* _What is being asked_
Apart from the pictures, every entry should be reproduced exactly.

* _Items from a dataset_

#####

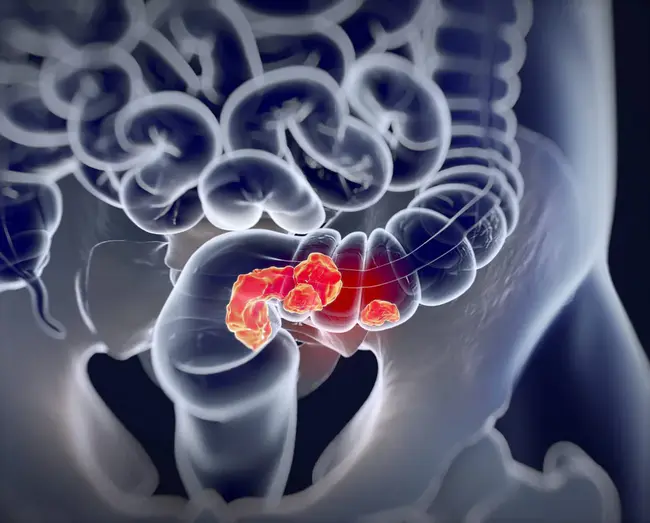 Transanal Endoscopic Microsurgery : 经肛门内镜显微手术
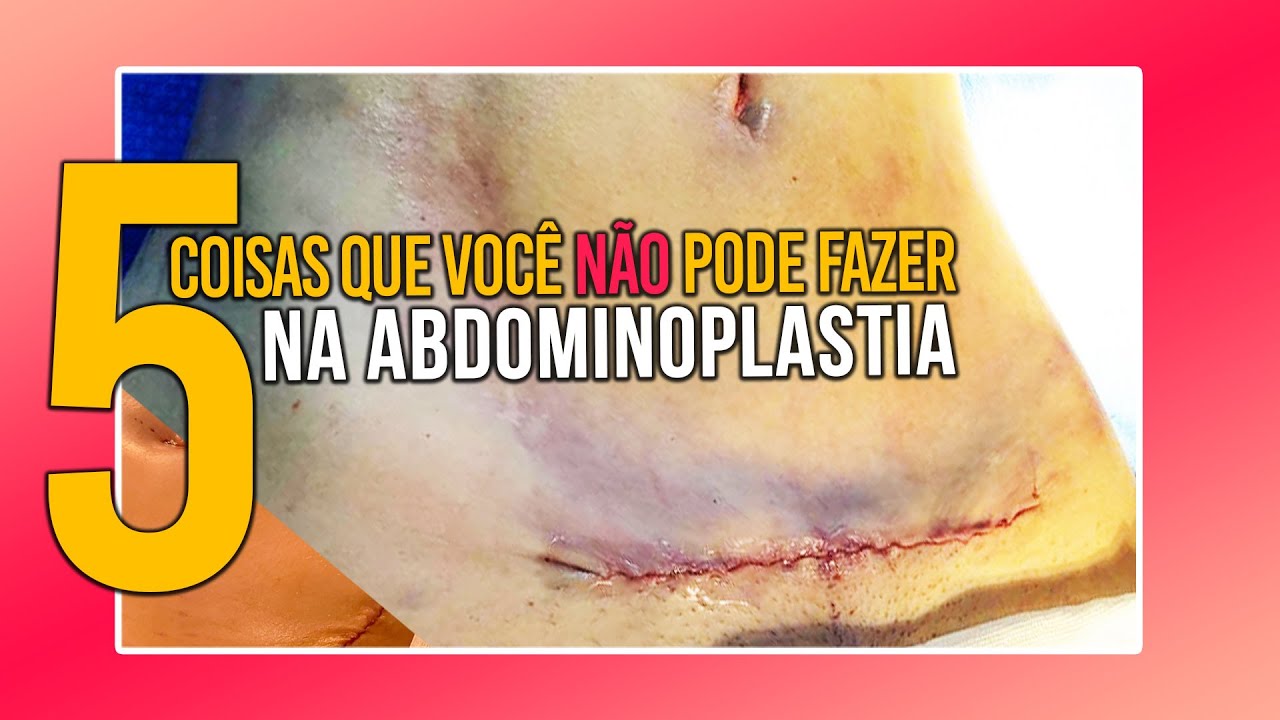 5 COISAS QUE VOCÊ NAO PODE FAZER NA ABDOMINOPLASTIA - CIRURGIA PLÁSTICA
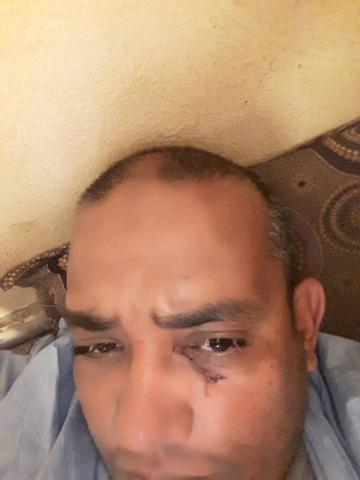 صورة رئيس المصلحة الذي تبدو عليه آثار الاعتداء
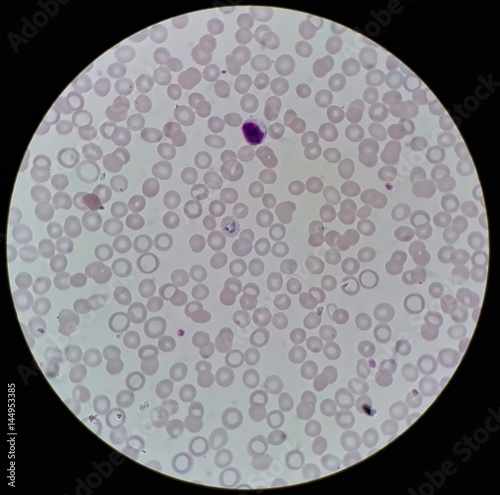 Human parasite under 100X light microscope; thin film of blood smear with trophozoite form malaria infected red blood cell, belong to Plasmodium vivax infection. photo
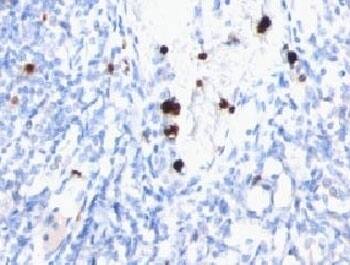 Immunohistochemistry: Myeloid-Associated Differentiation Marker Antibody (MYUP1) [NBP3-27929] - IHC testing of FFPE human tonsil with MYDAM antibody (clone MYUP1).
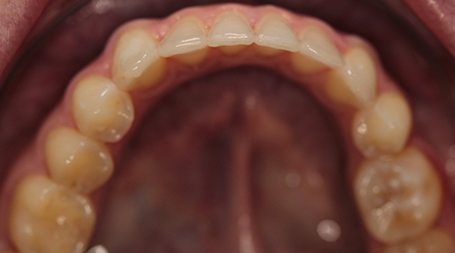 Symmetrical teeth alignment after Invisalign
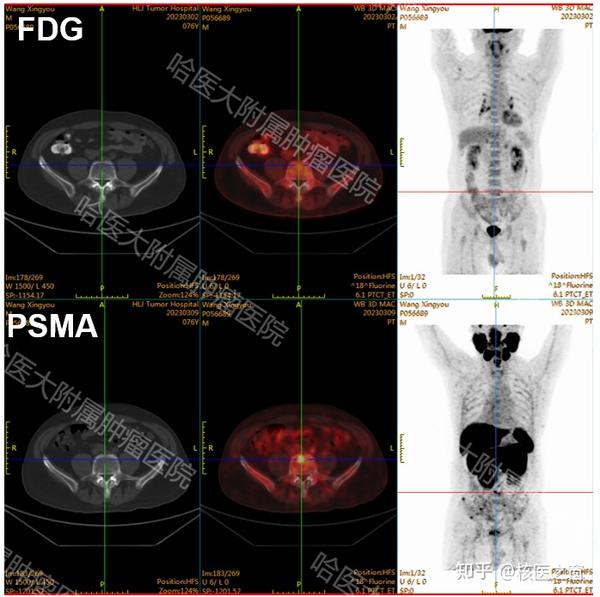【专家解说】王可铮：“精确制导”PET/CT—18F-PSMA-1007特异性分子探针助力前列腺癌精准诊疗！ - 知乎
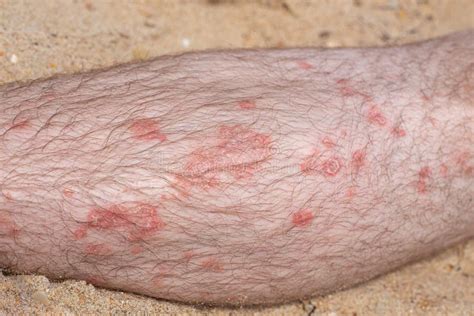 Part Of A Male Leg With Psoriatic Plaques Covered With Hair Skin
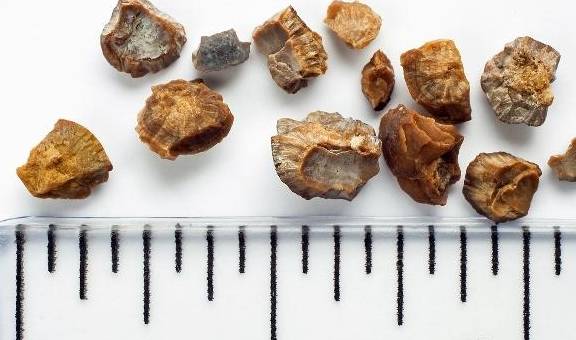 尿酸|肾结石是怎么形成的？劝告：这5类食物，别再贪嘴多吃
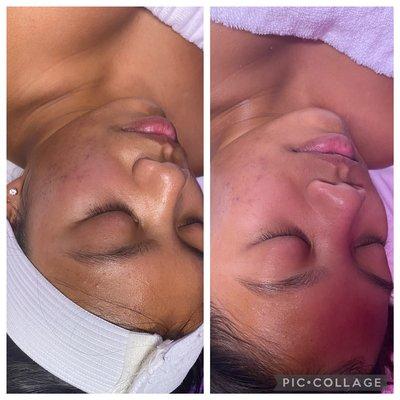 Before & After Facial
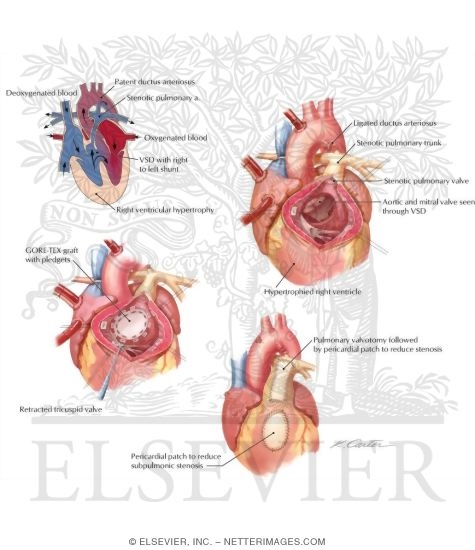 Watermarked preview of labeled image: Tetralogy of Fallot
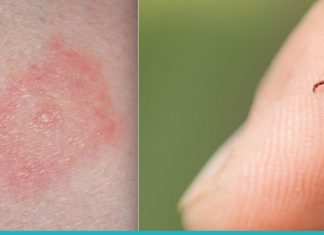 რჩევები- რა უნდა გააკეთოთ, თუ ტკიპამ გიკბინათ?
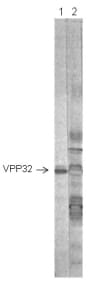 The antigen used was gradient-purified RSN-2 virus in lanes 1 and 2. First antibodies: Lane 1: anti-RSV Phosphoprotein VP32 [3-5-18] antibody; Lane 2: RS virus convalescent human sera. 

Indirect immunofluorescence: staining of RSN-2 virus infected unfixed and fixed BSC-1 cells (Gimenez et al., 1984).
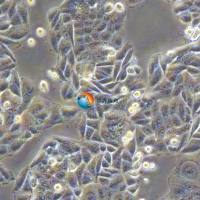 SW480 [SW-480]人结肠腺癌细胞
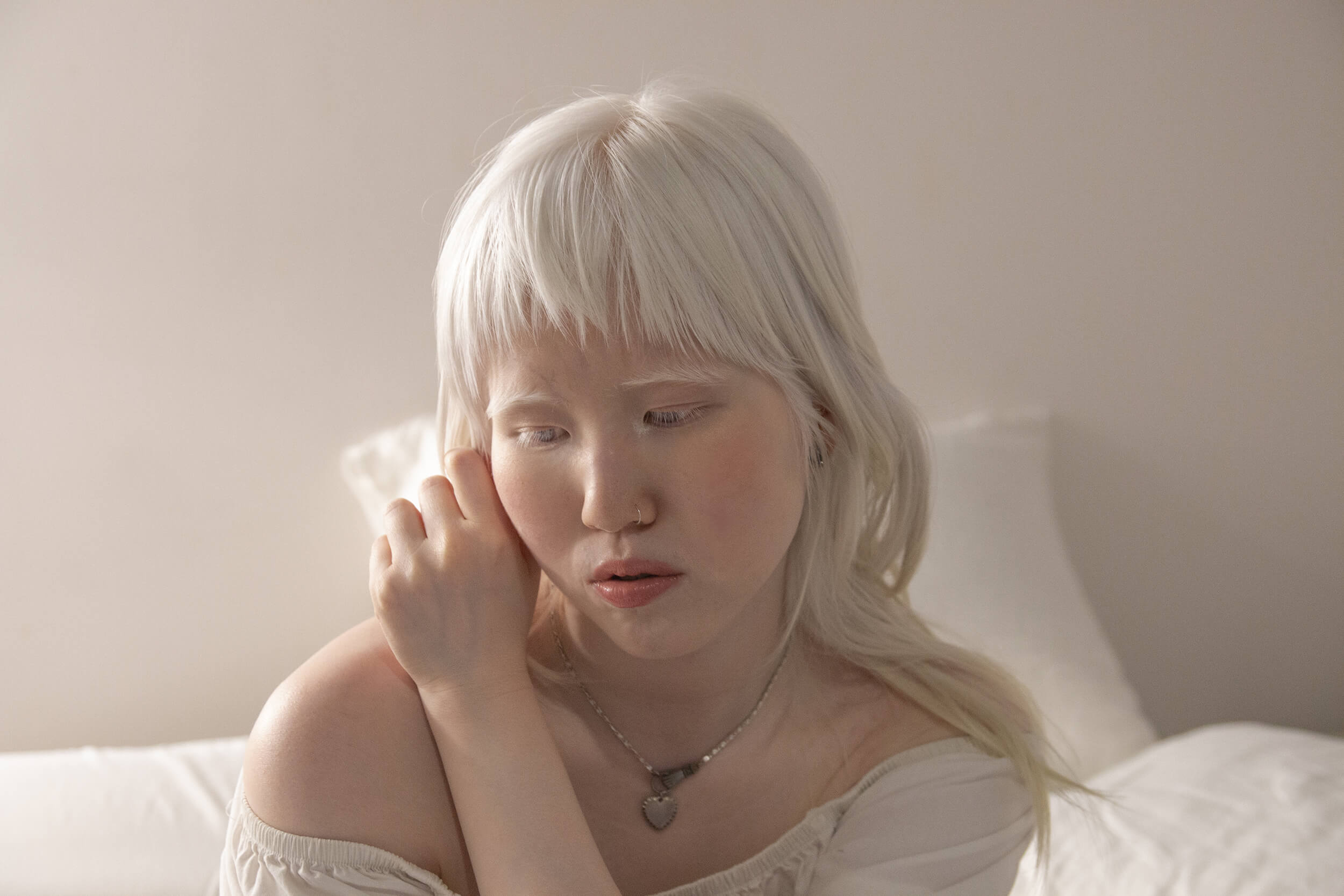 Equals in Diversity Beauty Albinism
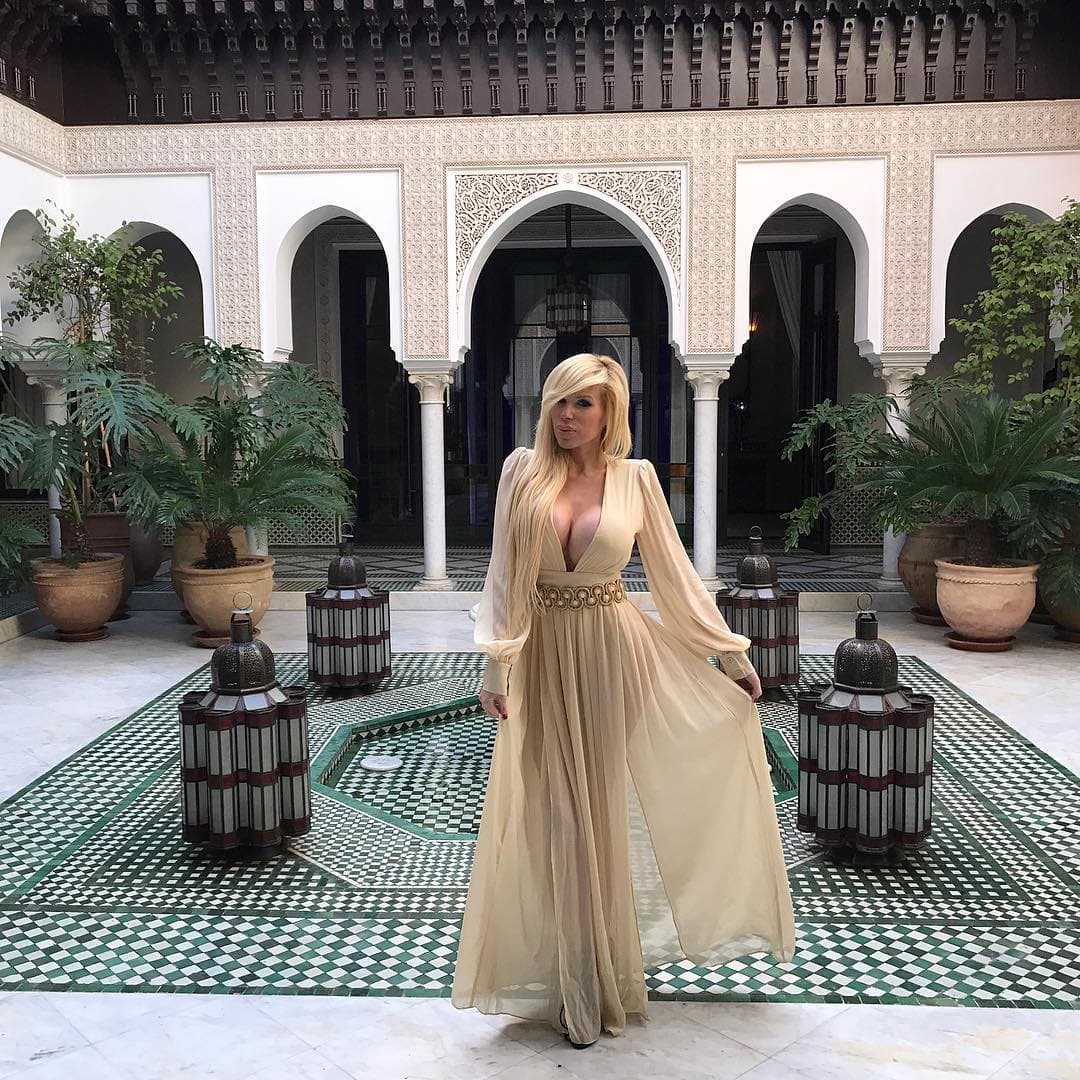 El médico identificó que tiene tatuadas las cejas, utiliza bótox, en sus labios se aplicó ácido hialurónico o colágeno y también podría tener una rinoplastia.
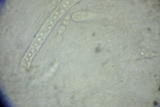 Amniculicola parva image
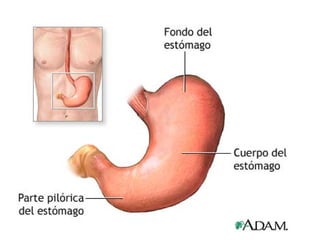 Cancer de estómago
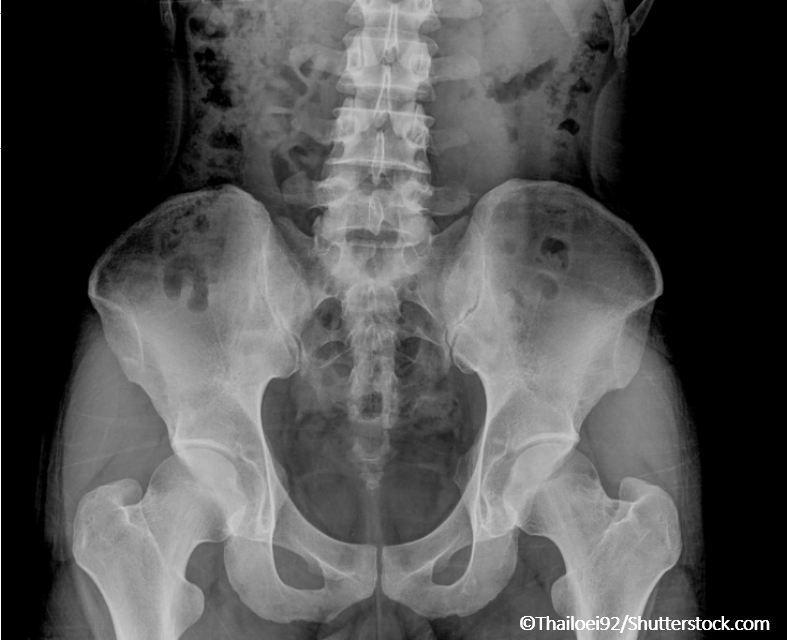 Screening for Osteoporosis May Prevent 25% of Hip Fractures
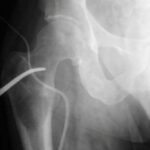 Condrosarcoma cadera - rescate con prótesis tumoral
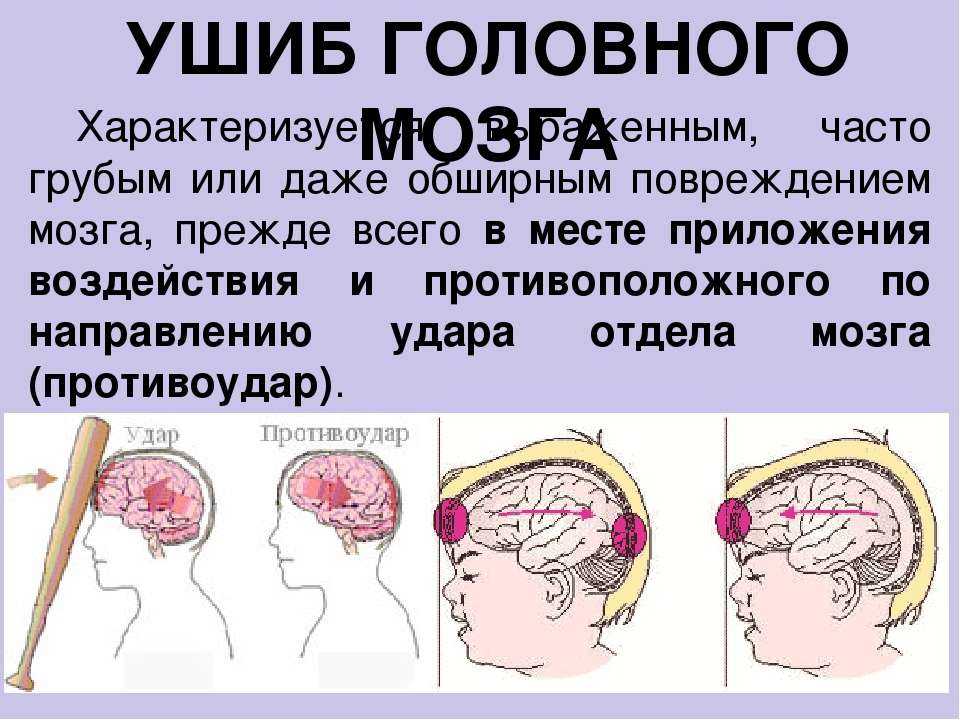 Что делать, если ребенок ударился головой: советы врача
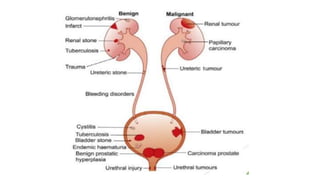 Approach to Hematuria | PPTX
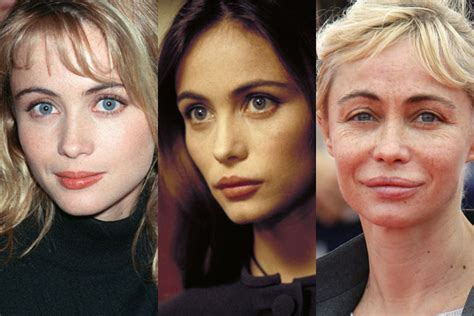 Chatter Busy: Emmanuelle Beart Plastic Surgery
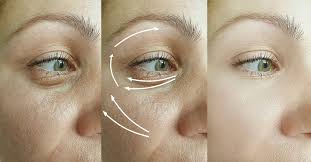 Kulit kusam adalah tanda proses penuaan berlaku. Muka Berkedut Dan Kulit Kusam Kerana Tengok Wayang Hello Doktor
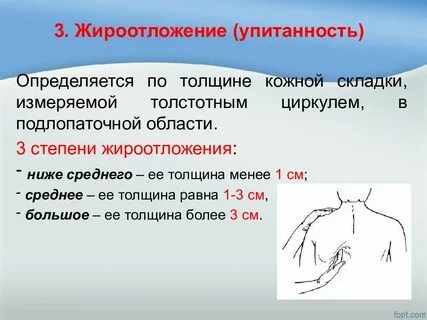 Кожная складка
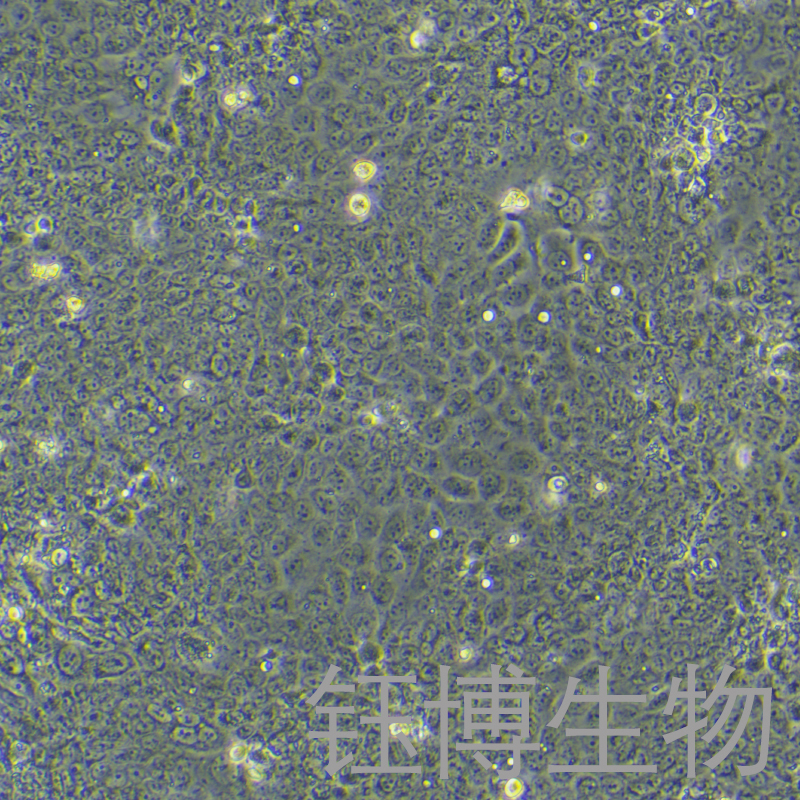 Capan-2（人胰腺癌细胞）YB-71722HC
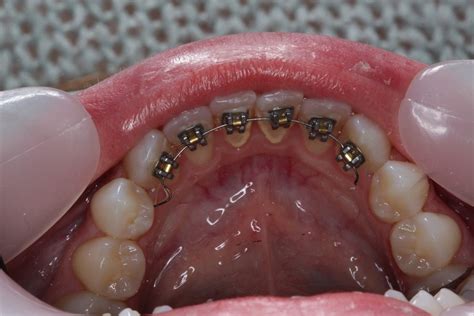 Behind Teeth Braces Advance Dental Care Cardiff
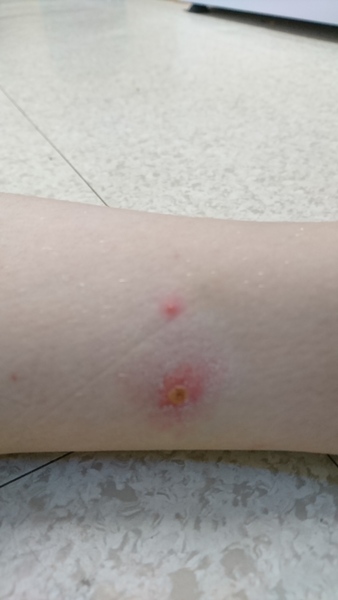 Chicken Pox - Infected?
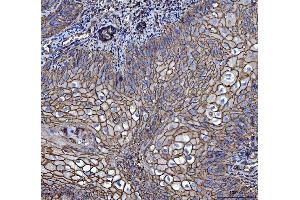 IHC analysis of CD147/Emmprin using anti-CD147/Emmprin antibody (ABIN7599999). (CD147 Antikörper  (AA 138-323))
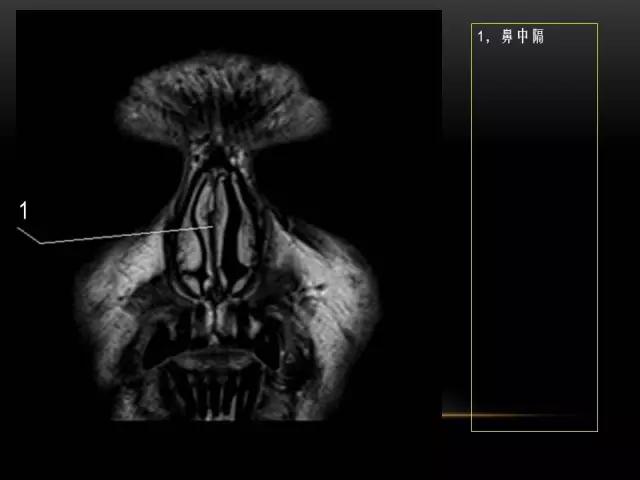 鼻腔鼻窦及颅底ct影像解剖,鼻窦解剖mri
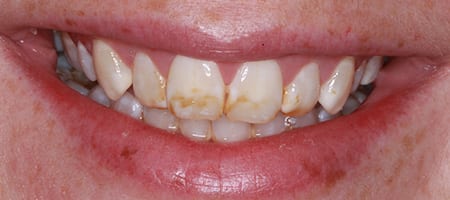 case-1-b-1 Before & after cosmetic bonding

#####

* _Response to this task_
 Transanal Endoscopic Microsurgery : 经肛门内镜显微手术
 5 COISAS QUE VOCÊ NAO PODE FAZER NA ABDOMINOPLASTIA - CIRURGIA PLÁSTICA
 صورة رئيس المصلحة الذي تبدو عليه آثار الاعتداء
 Human parasite under 100X light microscope; thin film of blood smear with trophozoite form malaria infected red blood cell, belong to Plasmodium vivax infection. photo
 Immunohistochemistry: Myeloid-Associated Differentiation Marker Antibody (MYUP1) [NBP3-27929] - IHC testing of FFPE human tonsil with MYDAM antibody (clone MYUP1).
 Symmetrical teeth alignment after Invisalign
【专家解说】王可铮：“精确制导”PET/CT—18F-PSMA-1007特异性分子探针助力前列腺癌精准诊疗！ - 知乎
 Part Of A Male Leg With Psoriatic Plaques Covered With Hair Skin
 尿酸|肾结石是怎么形成的？劝告：这5类食物，别再贪嘴多吃
 Before & After Facial
 Watermarked preview of labeled image: Tetralogy of Fallot
 რჩევები- რა უნდა გააკეთოთ, თუ ტკიპამ გიკბინათ?
 The antigen used was gradient-purified RSN-2 virus in lanes 1 and 2. First antibodies: Lane 1: anti-RSV Phosphoprotein VP32 [3-5-18] antibody; Lane 2: RS virus convalescent human sera. 

Indirect immunofluorescence: staining of RSN-2 virus infected unfixed and fixed BSC-1 cells (Gimenez et al., 1984).
 SW480 [SW-480]人结肠腺癌细胞
 Equals in Diversity Beauty Albinism
 El médico identificó que tiene tatuadas las cejas, utiliza bótox, en sus labios se aplicó ácido hialurónico o colágeno y también podría tener una rinoplastia.
 Amniculicola parva image
 Cancer de estómago
 Screening for Osteoporosis May Prevent 25% of Hip Fractures
 Condrosarcoma cadera - rescate con prótesis tumoral
 Что делать, если ребенок ударился головой: советы врача
 Approach to Hematuria | PPTX
 Chatter Busy: Emmanuelle Beart Plastic Surgery
 Kulit kusam adalah tanda proses penuaan berlaku. Muka Berkedut Dan Kulit Kusam Kerana Tengok Wayang Hello Doktor
 Кожная складка
 Capan-2（人胰腺癌细胞）YB-71722HC
 Behind Teeth Braces Advance Dental Care Cardiff
 Chicken Pox - Infected?
 IHC analysis of CD147/Emmprin using anti-CD147/Emmprin antibody (ABIN7599999). (CD147 Antikörper  (AA 138-323))
 鼻腔鼻窦及颅底ct影像解剖,鼻窦解剖mri
 case-1-b-1 Before & after cosmetic bonding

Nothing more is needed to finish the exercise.